The ferroelectric Hf0.5Zr0.5O2 (HZO) and Si:HfO2 (HSO)
layers were deposited by atomic layer deposition (ALD). The
process was optimized to obtain the desired ferroelectric
properties. Contact electrodes were fabricated from TiN and
epitaxial single crystalline NiSi2. Two terminal artificial
synapses typically show parasitic currents and
instabilities, to overcome these we fabricated three
terminal artificial synapses using ferroelectric HZO or HSO
as gate oxide. Moreover, ferroelectric Schottky barrier
field effect transistors (FE-SBFETs) have been employed to
demonstrate homo-synaptic plasticity. FE-SBFETs with a long
channel design and a gate last process have been realized.
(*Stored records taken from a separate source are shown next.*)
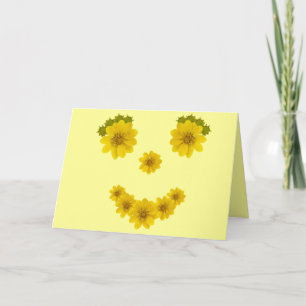 Cartão Pensando no seu feliz sorriso de flor da face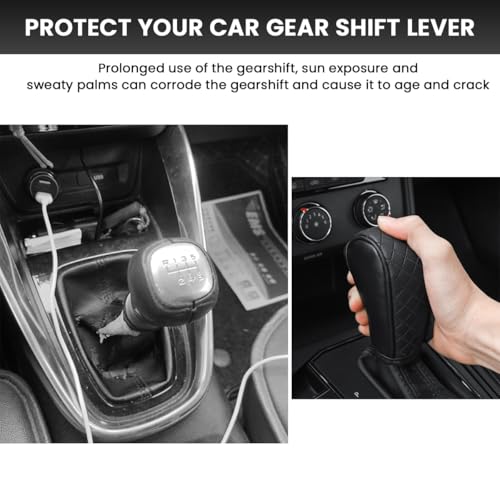 STHIRA® Premium PU Leather Car Gear Knob Cover Fashionable Anti-Slip Durable Universal Fit Protects Against Scratches Wear Enhances Interior Black 12 x 9 x 5cm 2PCS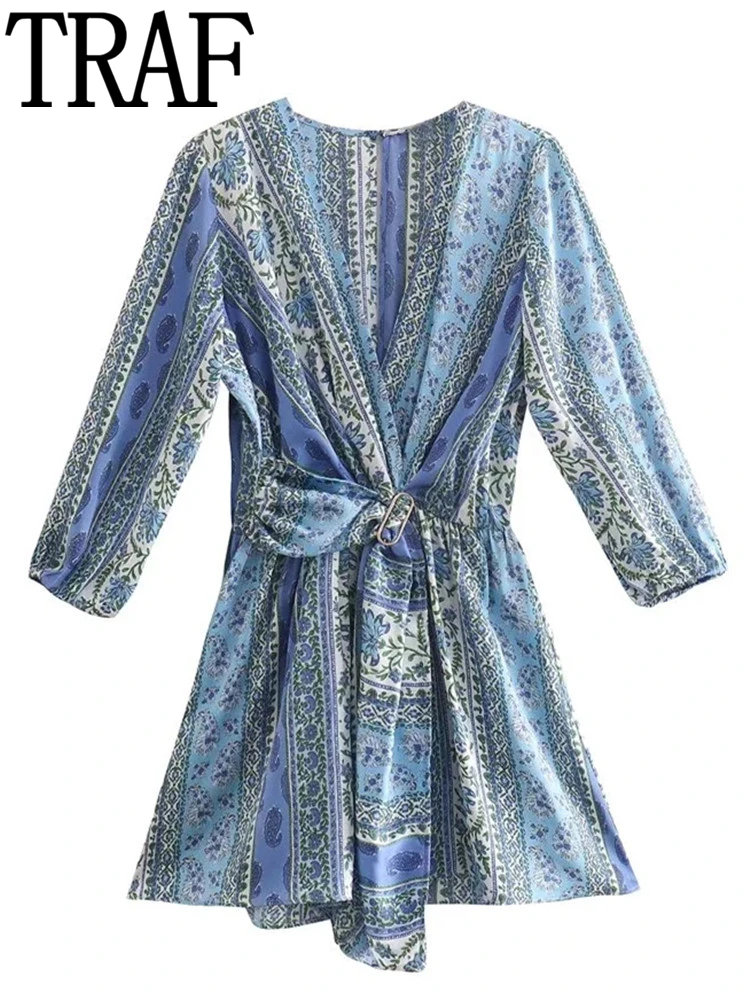 

TRAF Patchwork Print Short Jumpsuit Women Summer Long Sleeve Elegant Woman Jumpsuit Fashion Buckle Vintage Blue Rompers Playsuit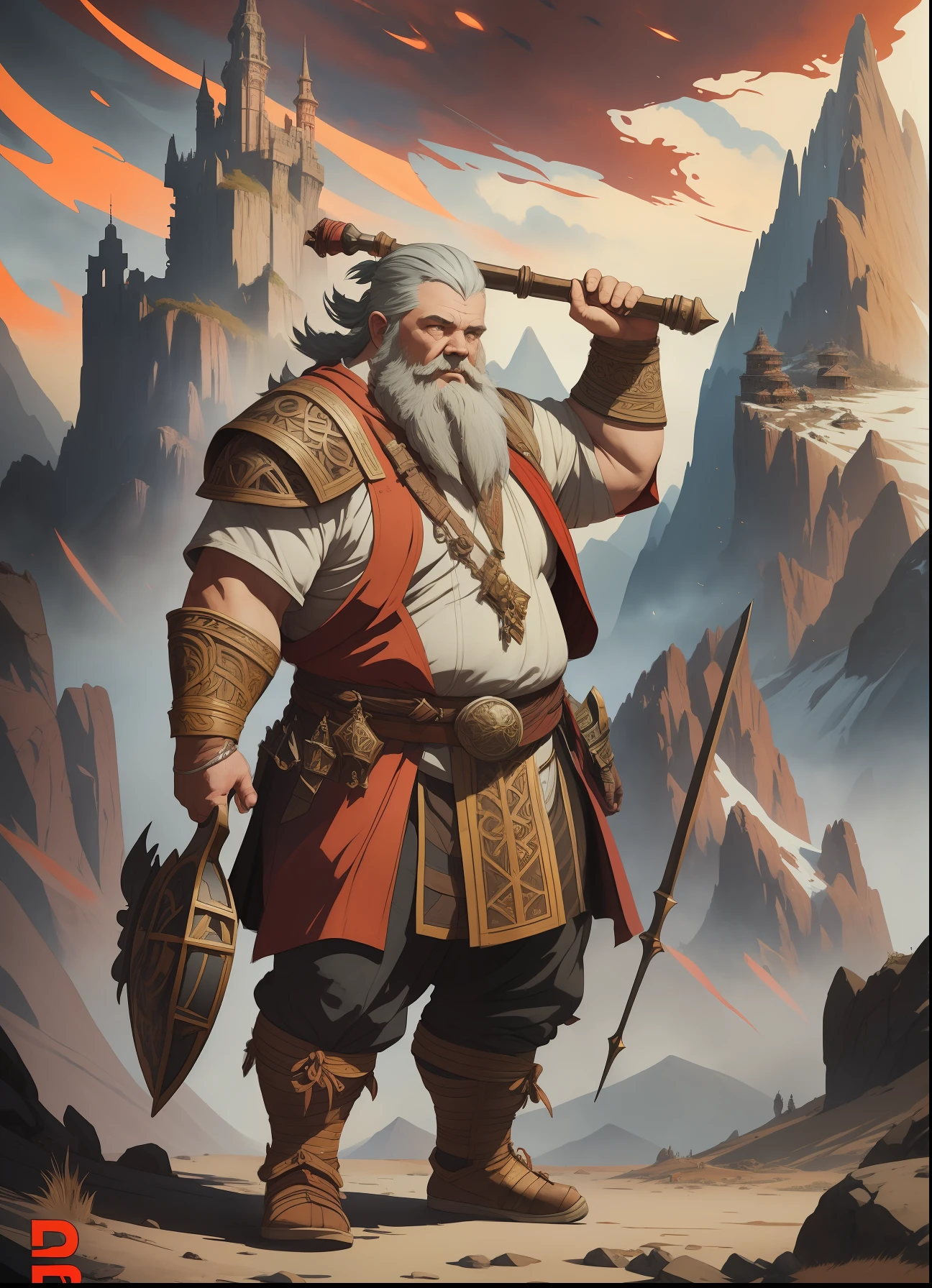 old dwarf rpg character, red clothes, full body strong and fat, light hair, line art watercolor wash, very lit mountain background, abstract beauty, approaching perfection, pure form, golden ratio, minimalistic, unfinished, concept art, by Brian Froud and Carne Griffiths and Wadim Kashin and John William Waterhouse, intricate details, 8k post production, high resolution, hyperdetailed, trending on artstation, sharp focus, studio photo, intricate details, highly detailed, by greg rutkowski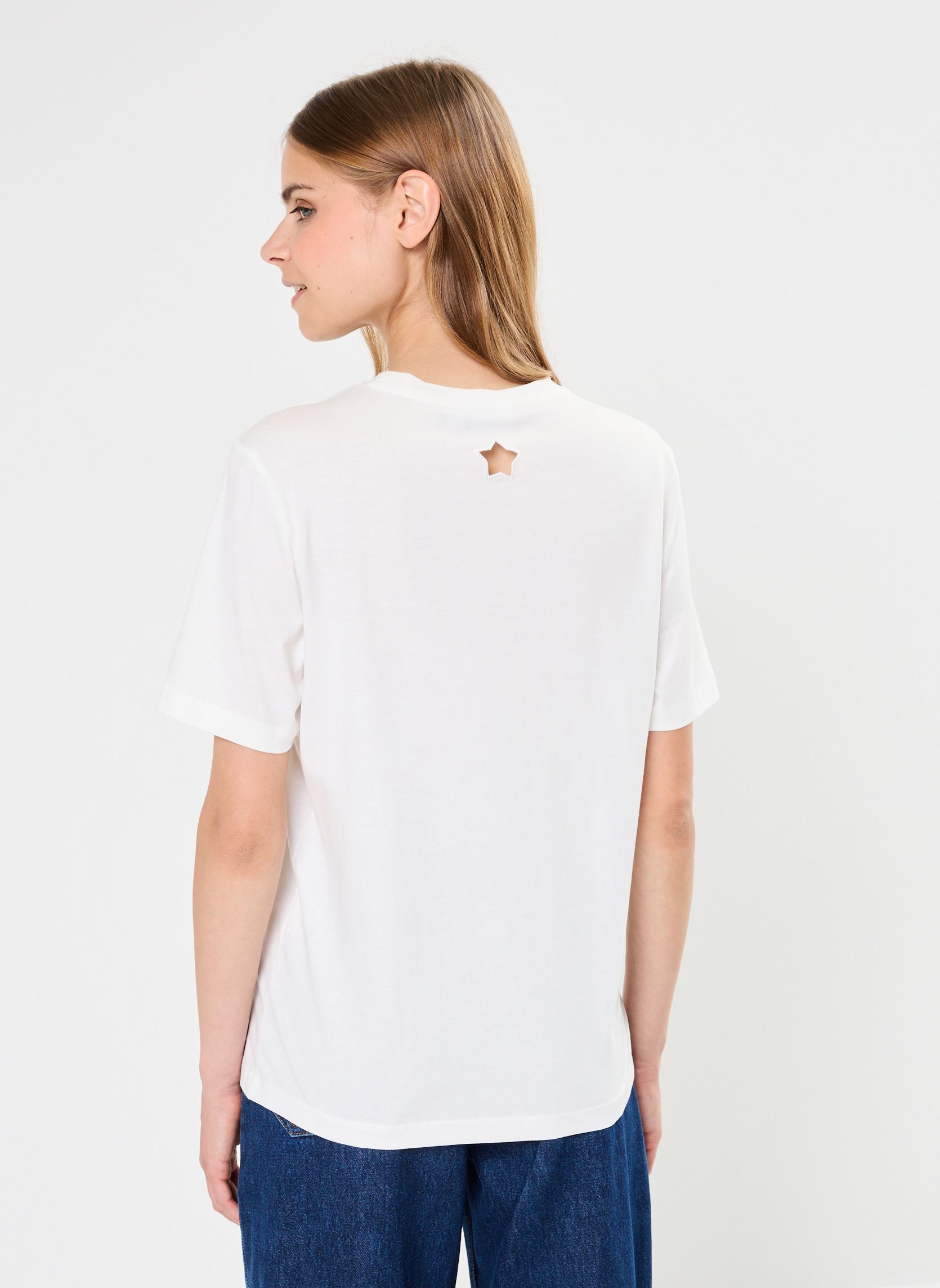 Tee-shirts manches courtes VISYBIL STAR O-NECK S/S T-SHIRT femme blanc Vila Tee-shirts manches courtes VISYBIL STAR O-NECK S/S T-SHIRT femme blanc Snow white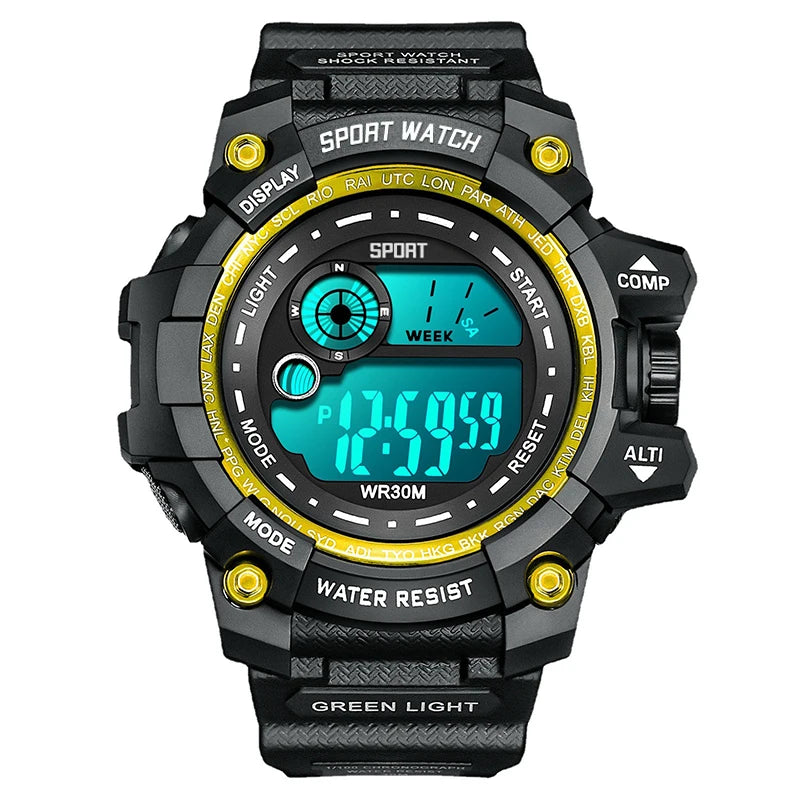 Montres numériques à LED pour hommes, mode Shoous, sport, étanche, date, armée, militaire, horloge, nouveau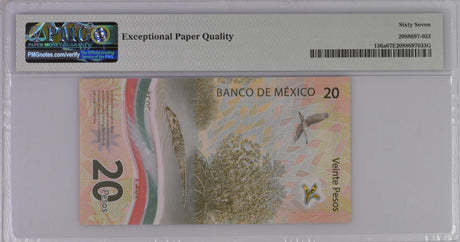 Mexico 20 Pesos 2021 P 136 a Comm. AA Prefix Superb Gem UNC PMG 67 EPQ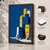 WallXpert uramljena MDF slika 3752KACT-035, plave i žute kuće na steni uz more, 37 x 52 cm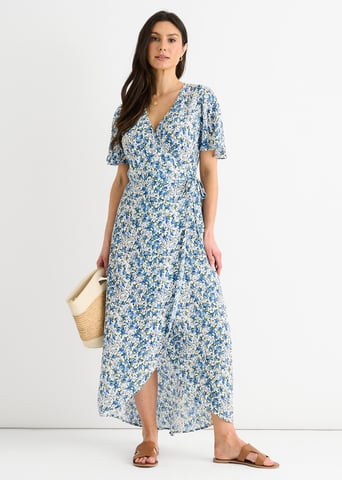 Vestido cruzado floral azul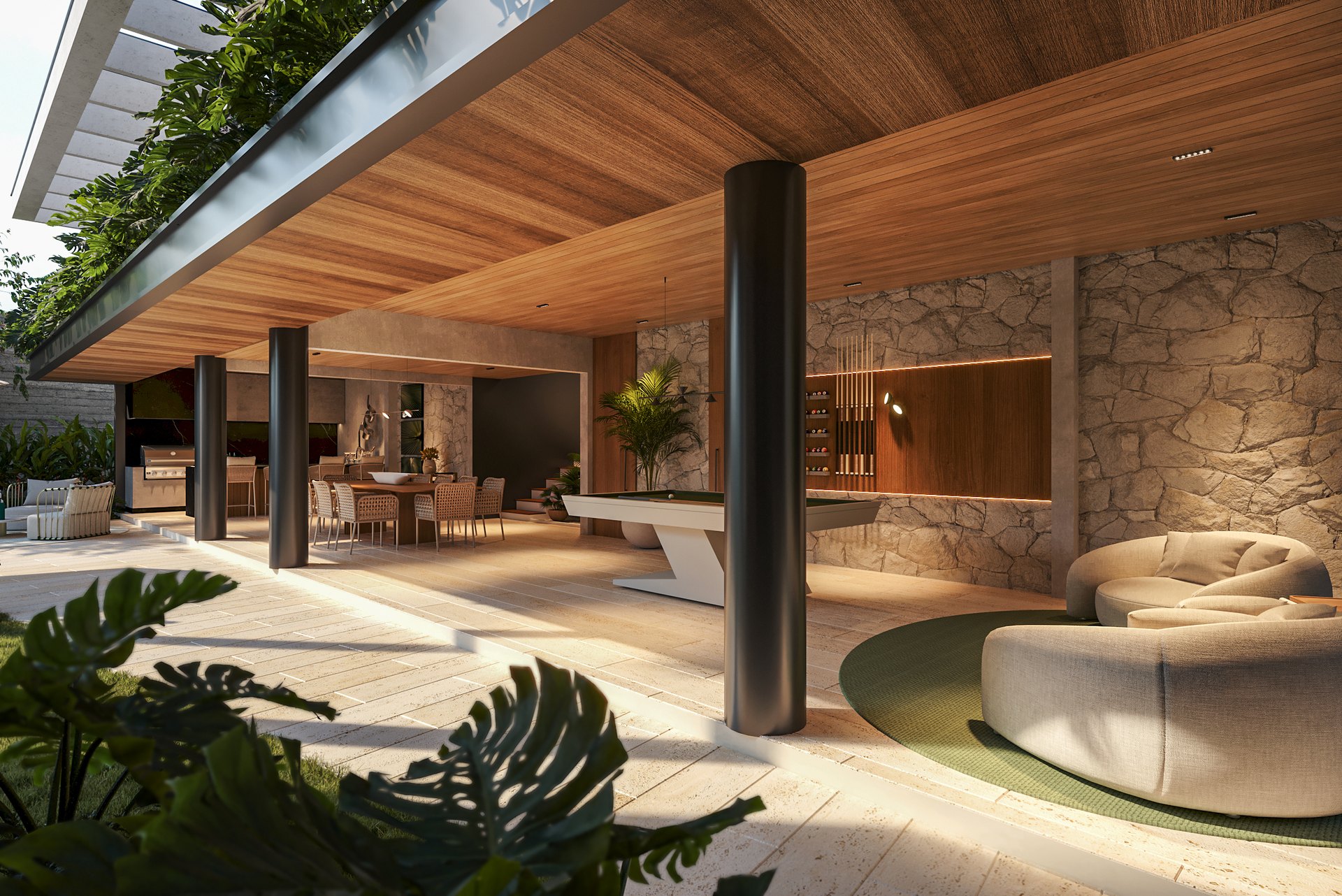 Espaço gourmet contemporâneo com madeira e pedra
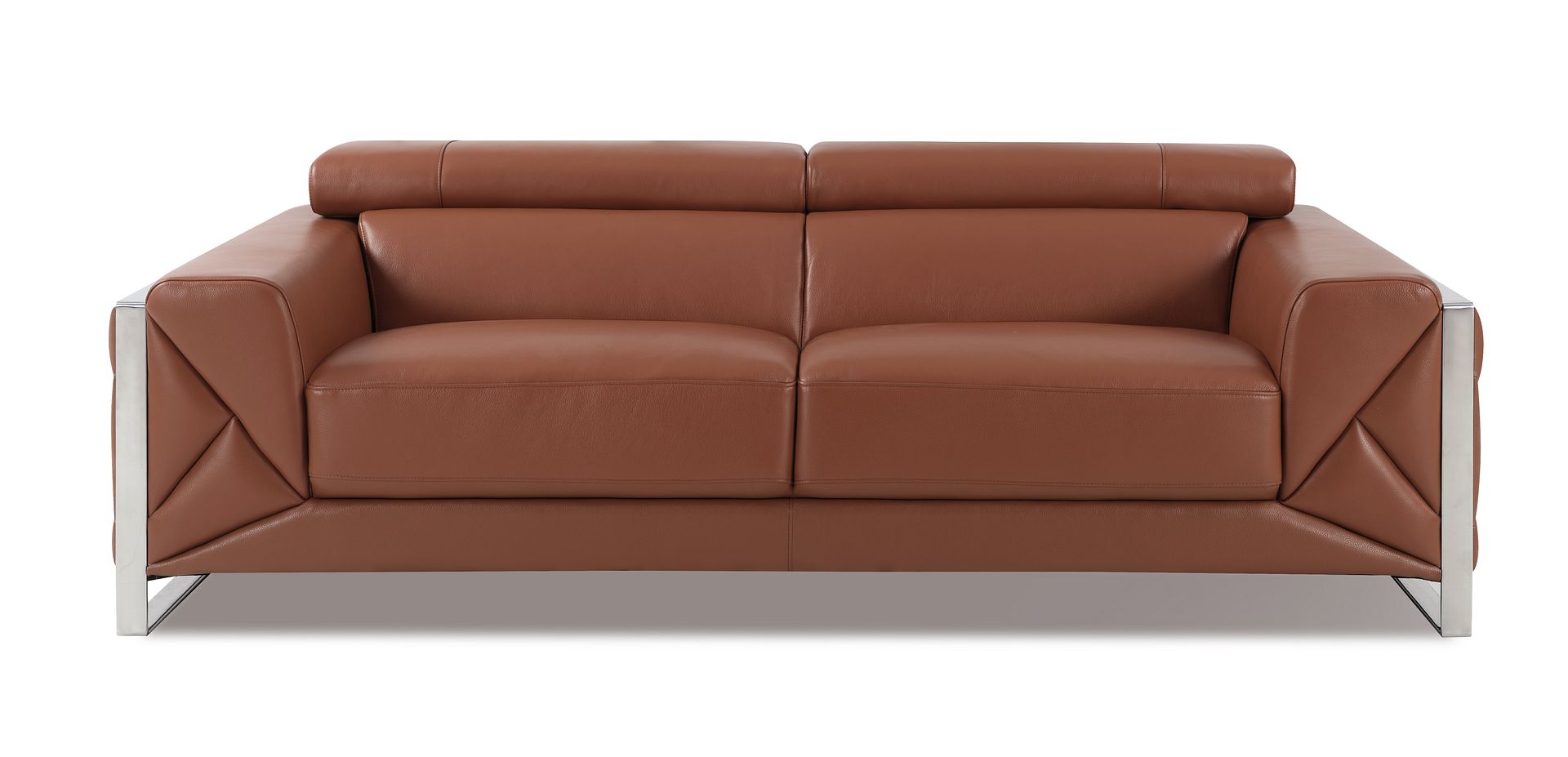 903 Divanitalia Sofa with Adjustable Headrest in Top-grain Italian Leather - Camel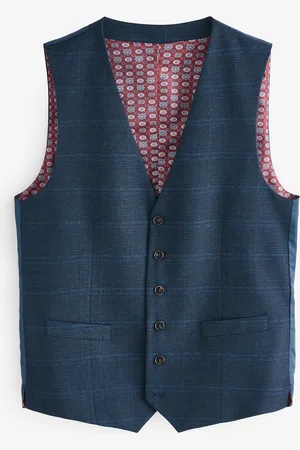 Skopes Blue Single Breasted Hewes Navy Blue Check Suit Waistcoat 40 R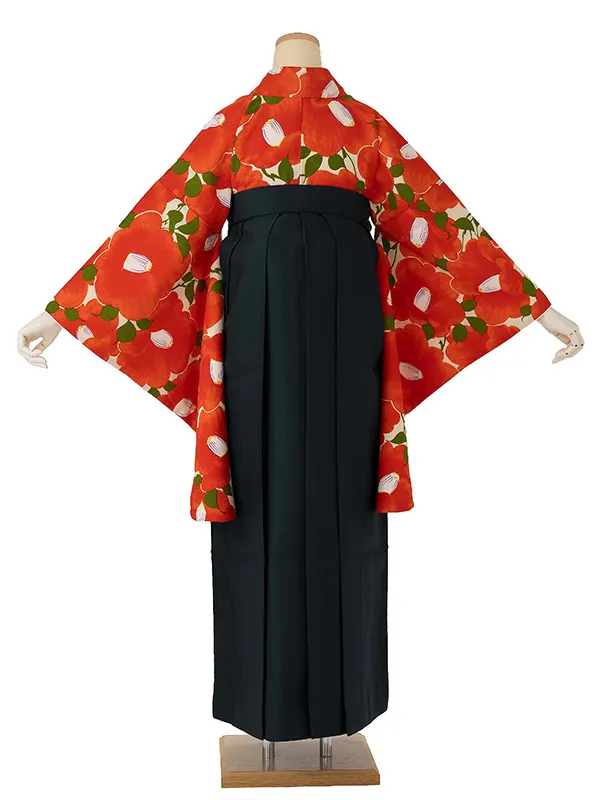 卒業式袴レンタルM0230椿づくし・オレンジ×緑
Source and drain contacts were formed by NiSi2 with
atomically smooth interfaces. By applying voltage pulses to
the ferroelectric gate, the ferroelectric polarization is
gradually switched and in turn the NiSi2/ Si Schottky
barriers are gradually modulated. Thus, the conductance of
the device is programmed with the input voltage pulses. The
short-term synaptic plasticity is characterized by
measurements of excitatory/ inhibitory post-synaptic
currents (EPSC/ IPSC) and paired-pulse facilitation/
depression (PPF/ PPD). The device can be modulated with
voltage pulses (spikes) of very low energy, as small as 2
fJ, demonstrating high energy efficiency. Long-term
potentiation/ depression (LTP/ LTD) results show very high
endurance and very small cycle-to-cycle variations $(~1\%).$
Furthermore, spike-timing-dependent plasticity (STDP) is
analyzed using the gate voltage pulse as the pre-synaptic
spike and the drain voltage pulse as the post-synaptic
spikes. To explore different ferroelectric dopants and the
potential for down scaling of device dimensions, FE-SBFETs
were fabricated employing HSO as ferroelectric gate oxide
and reducing the channel length to 40 nm. The homo-synaptic
artificial synapse was realized based on the HSO FE-SBFET.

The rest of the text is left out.